Unsuccessful bidder for HSE air ambulance service fails in challenge to award of contract

Sere Holding claimed the contract winner did not satisfy turnover requirement

An unsuccessful bidder for the Health Service Executive’s (HSE’s) €9.5 million emergency air ambulance service has failed in a High Court challenge to the awarding of the contract.

Sere Holding Ltd, which came eighth and last in the tender process, claimed the contract winner, IAS Medical Ltd, did not satisfy a requirement that each bidder must have a turnover of €4 million for the previous three years in relation to the services for which it was bidding.

Sere brought a High Court challenge seeking, among other things, the setting aside the award of the contract to IAS under the European Communities (Public Authorities’ Contracts) (Review Procedures) Regulations 2010, known as the “Remedies Regulations”.

The case was against the HSE which awarded the contract. IAS was a notice party.


The HSE service requires a provider which transfers patients between the Republic and other countries, mainly the UK.

While air ambulances both inside and outside Ireland are generally provided by the Irish Air Corps and the Irish Coast Guard Services under existing arrangements, they are unable to provide them between 7pm and 7.30am, and 7pm to 8.30am in June, July and August.

On Friday, Mr Justice Michael Twomey ruled IAS did satisfy the selection criteria. However, there remained the issue of whether the HSE “verified” that IAS satisfied the selection criteria.

The judge said he proposed to ask Sere, when it has considered his judgment, whether this “verification issue” needs to be dealt with by the court.

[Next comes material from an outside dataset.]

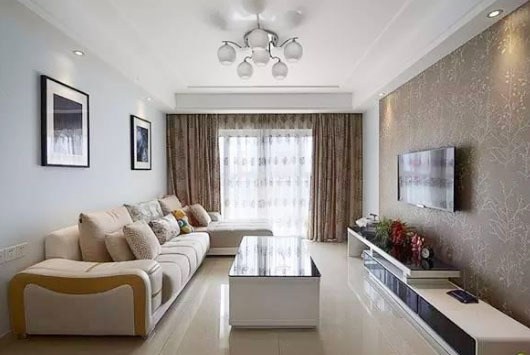 朋友家两房装修很简单,咖啡色壁纸电视背景墙太抢眼!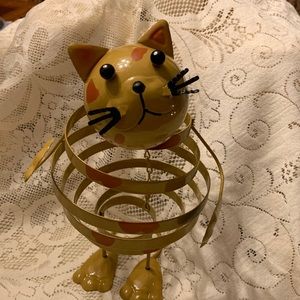 The best Slinky Metal Cat Home Decor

If Sere concludes that it does not need a determination, then there will be a saving of court resources, the judge said. However, if Sere says it would like to have the matter determined, the court will hear from the other parties and give a decision, he said.

He also ordered the parties to engage with each other to see if agreement can be reached regarding all outstanding matters without the need for further court time.

In his judgment, the judge noted that the value of the previous contract, as stated by Sere’s Stanley Edgar, was €7 million over a two-year period. The savings to the HSE from the new contract would be around €4.5 million as the new contract was €9.5 million over four years.

The judge said the key issue in this case, when considering the €4 million turnover requirement, was whether the tender services were restricted to a transfer involving a patient (with a medical team in a specially equipped aircraft), as claimed by Sere or, included the transfer by an plane of organs and of organ retrieval teams, in addition to the transfer of patients, as claimed by the HSE.

Based on its more restrictive interpretation, Sere claimed that any turnover which IAS had in relation to the transfer of organs and the transport of organ retrieval teams, could not be used to enable IAS to satisfy the precondition that it have a €4 million turnover, he said.

The judge found the tender services do not require, in every case, medical personnel, as claimed by Sere. He also found the transport of organs was part of the “service”.

He said the contract, which was awarded by the HSE to IAS in 2021, cannot be invalidated on the basis of Sere’s interpretation of the tender services.

The contract cannot be invalidated on the basis of Sere’s interpretation of the tender services, he ruled.